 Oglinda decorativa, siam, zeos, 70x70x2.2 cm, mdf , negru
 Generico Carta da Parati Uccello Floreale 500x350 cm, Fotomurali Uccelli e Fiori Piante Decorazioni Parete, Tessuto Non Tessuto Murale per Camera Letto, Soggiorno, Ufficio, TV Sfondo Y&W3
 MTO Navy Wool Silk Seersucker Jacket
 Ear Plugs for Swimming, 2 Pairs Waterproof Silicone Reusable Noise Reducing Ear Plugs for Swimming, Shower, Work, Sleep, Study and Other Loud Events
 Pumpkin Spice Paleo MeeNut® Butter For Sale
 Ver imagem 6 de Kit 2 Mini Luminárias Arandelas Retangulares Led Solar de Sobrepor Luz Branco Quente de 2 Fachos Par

+++

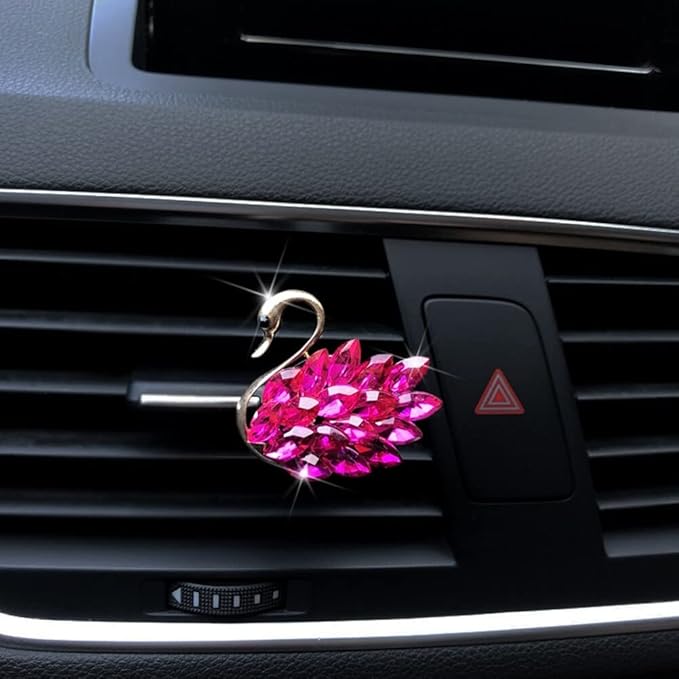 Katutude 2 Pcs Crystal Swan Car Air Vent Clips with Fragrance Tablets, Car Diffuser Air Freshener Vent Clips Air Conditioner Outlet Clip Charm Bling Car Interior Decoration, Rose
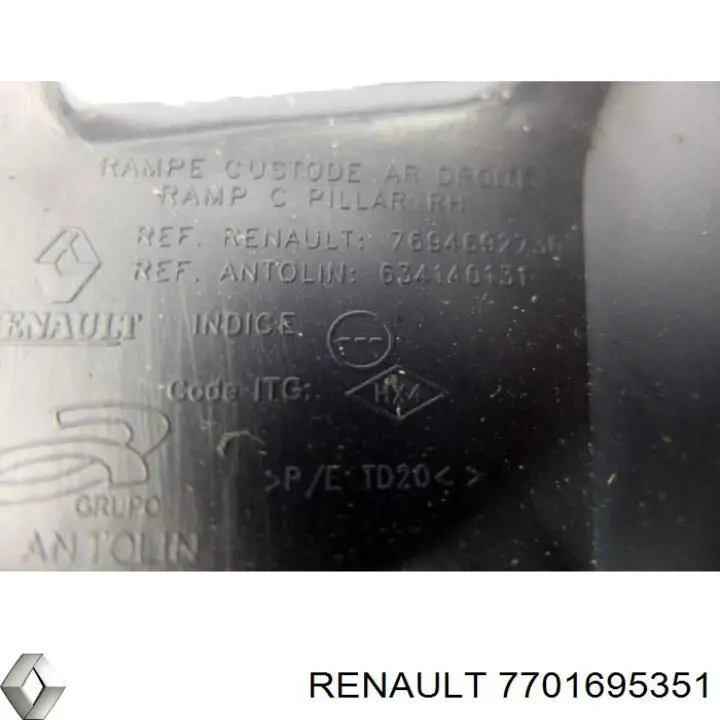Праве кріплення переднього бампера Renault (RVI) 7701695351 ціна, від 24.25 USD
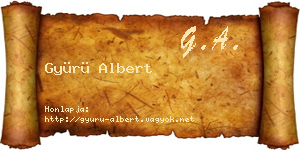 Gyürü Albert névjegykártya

+++

**The task**
Your task is to retype the entries verbatim, starting with the line that holds "Generico Carta da" and stopping after the line that holds "Ver imagem 6".

**Answer space**
 Generico Carta da Parati Uccello Floreale 500x350 cm, Fotomurali Uccelli e Fiori Piante Decorazioni Parete, Tessuto Non Tessuto Murale per Camera Letto, Soggiorno, Ufficio, TV Sfondo Y&W3
 MTO Navy Wool Silk Seersucker Jacket
 Ear Plugs for Swimming, 2 Pairs Waterproof Silicone Reusable Noise Reducing Ear Plugs for Swimming, Shower, Work, Sleep, Study and Other Loud Events
 Pumpkin Spice Paleo MeeNut® Butter For Sale
 Ver imagem 6 de Kit 2 Mini Luminárias Arandelas Retangulares Led Solar de Sobrepor Luz Branco Quente de 2 Fachos Par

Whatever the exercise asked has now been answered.